About two years ago Mr. Sidhu explained his decision to decentralize as a way to avoid "the diseases of bigness." But as Sovereign grew, centralizing at least some functions, such as marketing and product development, just made economic sense.

"Decentralization is a question of size," Mr. Timmons said. The downside of a complicated and costly decentralization can easily outweigh the upside, he said.

Analysts remain divided about Sovereign's near-term prospects as an independent company.

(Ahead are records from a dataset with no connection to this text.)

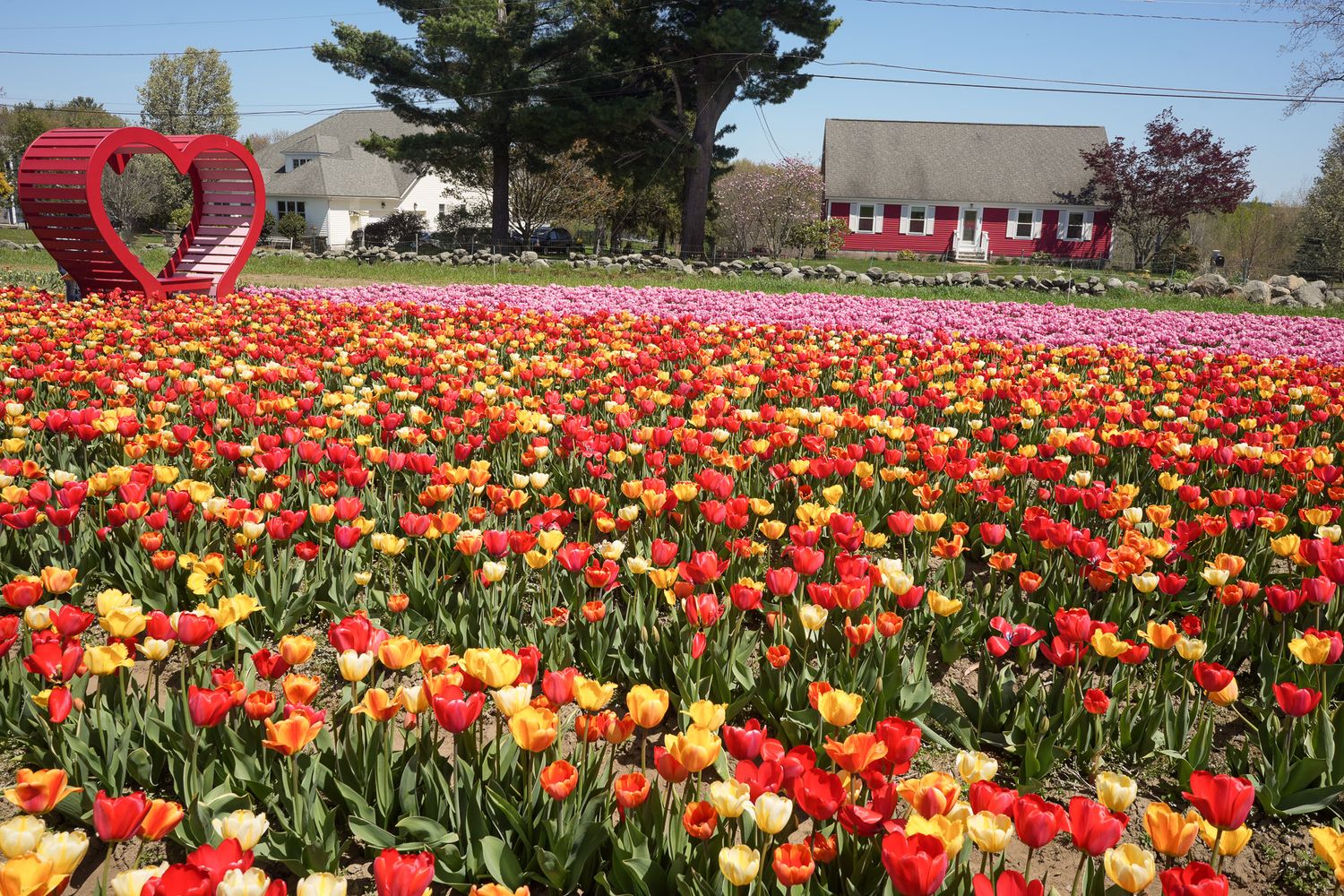 Vast colorful tulip fields in full bloom with red heart sculpture and red farmhouse in background.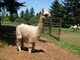 alpaca for sale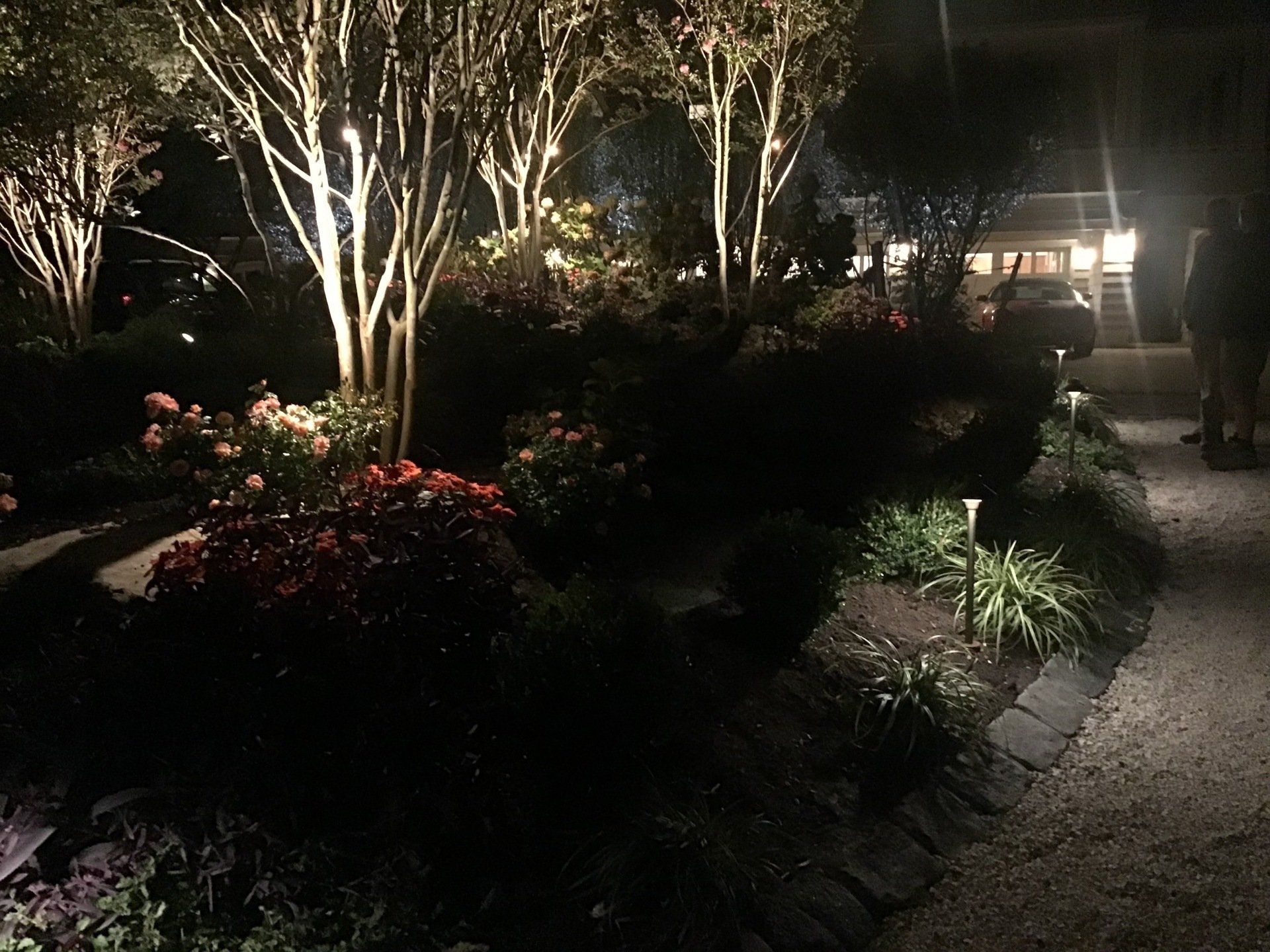 A well lit garden with trees and bushes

Several said they think it is dressing itself up for sale. "We believe the restructuring should improve the company's desirability in the eyes of an acquirer," Janney Montgomery Scott LLC's Richard D. Weiss wrote in a research note published after Thursday's announcement.

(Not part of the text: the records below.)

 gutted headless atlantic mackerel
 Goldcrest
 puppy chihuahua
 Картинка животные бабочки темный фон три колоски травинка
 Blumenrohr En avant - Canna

But James M. Ackor of Royal Bank of Canada's RBC Capital Markets said it is doubtful Sovereign will sell soon. He said Mr. Campanelli could win the CEO post with his aggressive restructuring, which has impressed investors. "What they needed was somebody to roll up his sleeves and focus on the organization," Mr. Ackor said.

Since Mr. Campanelli took over as CEO, Sovereign's stock is up 5.1%.

Mr. McCollom said Sovereign will not exit more lines of business but may change the way it allocates capital within the company. Commercial banking ranks highest in returns right now, he said, but when credit quality worsens, consumer banking might be more profitable.

While Sovereign plans to open 18 branches next year, it plans to close more than that, Mr. Campanelli said. Sovereign has nearly 800 branches.

"We see significant opportunity to become more efficient," Mr. Campanelli said. "At the same time it is important that we recognize the opportunity to continue to stimulate organic growth" in specialty lending and consumer banking.

Mr. McCollom said the company is essentially liquidating its correspondent home equity portfolio, selling $4.5 billion of such loans, and is shedding $2.5 billion of mortgages. It will also sell $2 billion of multifamily loans, though it wants to build that business, which it acquired as part of the Independence purchase.

Selling some multifamily loans instead of holding them in the portfolio will free up capital to finance growth, the CFO said. Sovereign already sold about $500 million to Fannie Mae and is working to establish purchase relationships with others, including Freddie Mac, Mr. McCollom said.

At the same time, Sovereign will reduce its liabilities by $10 billion, including $1.5 billion of brokered money market funds, he said.

These moves will leave the company "meaningfully asset-sensitive," he said. "Our ultimate goal is to get that number back to fairly neutral, so we may be taking some steps as these trades settle to take our total risk position back to a neutral base."